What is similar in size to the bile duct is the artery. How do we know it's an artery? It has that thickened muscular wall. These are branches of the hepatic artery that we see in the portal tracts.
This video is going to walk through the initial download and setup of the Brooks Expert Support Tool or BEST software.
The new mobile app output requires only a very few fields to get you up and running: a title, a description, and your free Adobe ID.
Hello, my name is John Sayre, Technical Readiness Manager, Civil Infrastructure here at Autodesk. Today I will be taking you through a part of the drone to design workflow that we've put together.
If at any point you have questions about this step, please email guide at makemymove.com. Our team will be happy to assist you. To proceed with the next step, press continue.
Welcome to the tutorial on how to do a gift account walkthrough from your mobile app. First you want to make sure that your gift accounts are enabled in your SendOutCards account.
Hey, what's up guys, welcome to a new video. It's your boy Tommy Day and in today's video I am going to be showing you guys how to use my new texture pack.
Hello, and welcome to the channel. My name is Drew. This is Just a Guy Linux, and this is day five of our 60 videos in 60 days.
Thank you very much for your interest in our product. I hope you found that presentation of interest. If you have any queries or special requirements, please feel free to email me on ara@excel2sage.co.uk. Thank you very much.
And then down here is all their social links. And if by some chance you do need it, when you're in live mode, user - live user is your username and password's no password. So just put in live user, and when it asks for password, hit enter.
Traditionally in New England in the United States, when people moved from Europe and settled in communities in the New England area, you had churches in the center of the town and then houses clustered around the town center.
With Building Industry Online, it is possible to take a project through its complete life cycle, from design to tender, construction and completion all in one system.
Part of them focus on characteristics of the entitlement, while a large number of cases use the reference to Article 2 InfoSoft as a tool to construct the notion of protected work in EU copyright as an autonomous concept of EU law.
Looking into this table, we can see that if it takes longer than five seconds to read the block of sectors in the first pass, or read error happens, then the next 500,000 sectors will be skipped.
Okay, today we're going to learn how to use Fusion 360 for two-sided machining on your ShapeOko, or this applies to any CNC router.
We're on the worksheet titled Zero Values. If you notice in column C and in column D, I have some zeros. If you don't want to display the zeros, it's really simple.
= = =
Work to complete =>
When a line contains the string "please", copy it from the records.

Reply =>
If at any point you have questions about this step, please email guide at makemymove.com. Our team will be happy to assist you. To proceed with the next step, press continue.
Thank you very much for your interest in our product. I hope you found that presentation of interest. If you have any queries or special requirements, please feel free to email me on ara@excel2sage.co.uk. Thank you very much.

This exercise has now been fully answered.